Dataset content:
——

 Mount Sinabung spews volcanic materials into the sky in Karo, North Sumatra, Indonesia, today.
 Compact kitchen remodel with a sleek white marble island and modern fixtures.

——

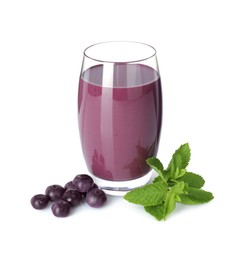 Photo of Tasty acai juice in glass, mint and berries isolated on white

——

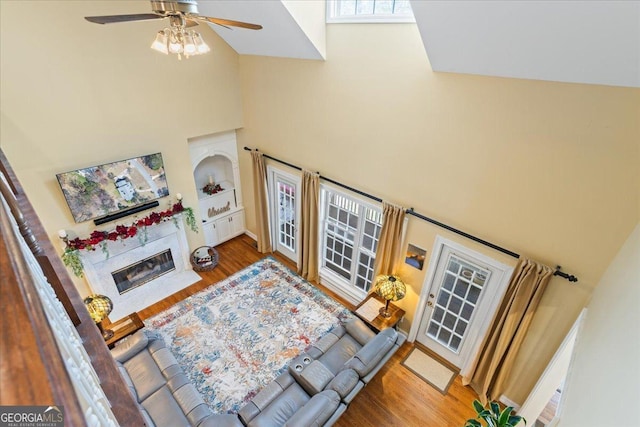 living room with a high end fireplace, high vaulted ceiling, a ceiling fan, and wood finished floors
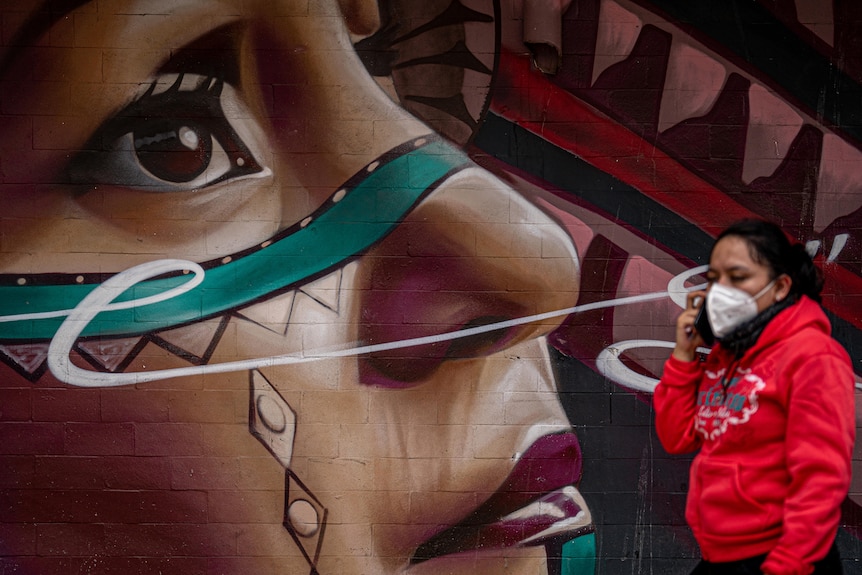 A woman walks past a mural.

——

Aim of the task: In the entries above, every line from the line with "living room with" to the line with "A woman walks past a mural." is to be printed exactly, with both ends included and pictures excluded.

Solution to this task:
 living room with a high end fireplace, high vaulted ceiling, a ceiling fan, and wood finished floors
 A woman walks past a mural.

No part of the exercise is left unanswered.